WHAT THE TASK REQUIRES: Write out the lines below exactly, beginning at the one with "Usado Jaguar F-Pace" and stopping after the one with "Grupo Inventiveiras comercializa"; the pictures are not copied.

MATERIAL FOR THIS EXERCISE:
*** Begin section ***
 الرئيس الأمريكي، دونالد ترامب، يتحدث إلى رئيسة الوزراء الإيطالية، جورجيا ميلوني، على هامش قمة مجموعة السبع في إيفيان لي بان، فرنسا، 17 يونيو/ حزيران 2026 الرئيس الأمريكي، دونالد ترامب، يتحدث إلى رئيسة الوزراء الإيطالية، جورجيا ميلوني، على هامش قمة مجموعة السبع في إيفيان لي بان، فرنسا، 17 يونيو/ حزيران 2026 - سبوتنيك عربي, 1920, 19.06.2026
*** End section ***
*** Begin section ***
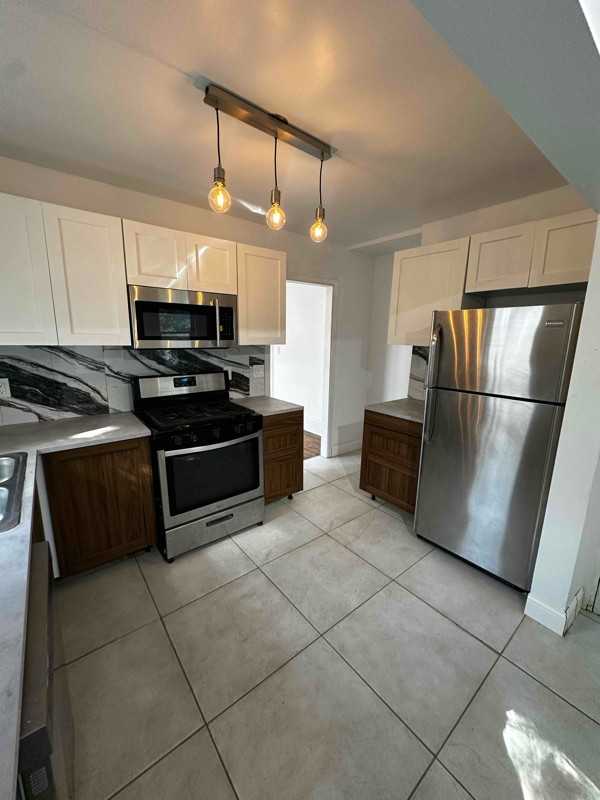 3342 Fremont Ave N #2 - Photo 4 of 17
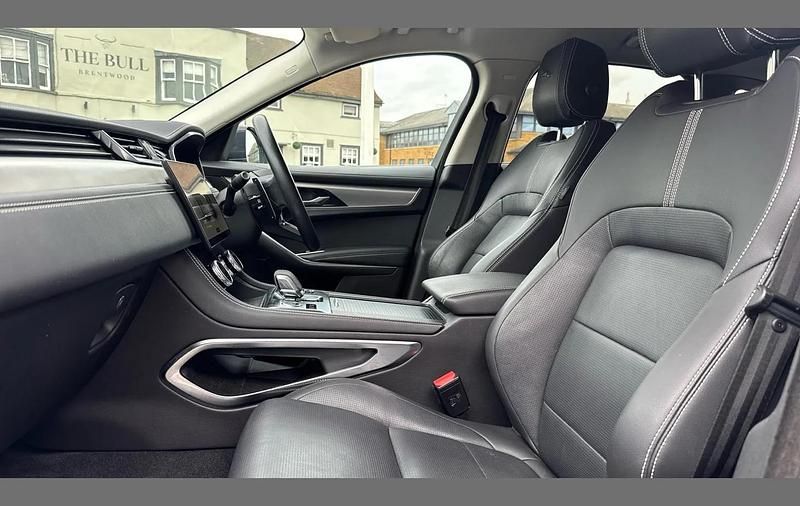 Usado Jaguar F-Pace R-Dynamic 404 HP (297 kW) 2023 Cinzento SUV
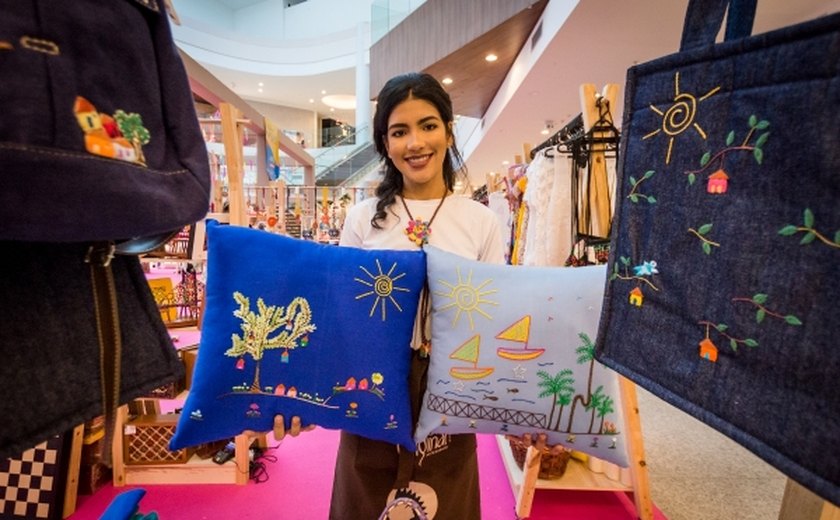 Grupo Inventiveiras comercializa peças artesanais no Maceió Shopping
*** End section ***
YOUR RESPONSE:
 Usado Jaguar F-Pace R-Dynamic 404 HP (297 kW) 2023 Cinzento SUV
 Grupo Inventiveiras comercializa peças artesanais no Maceió Shopping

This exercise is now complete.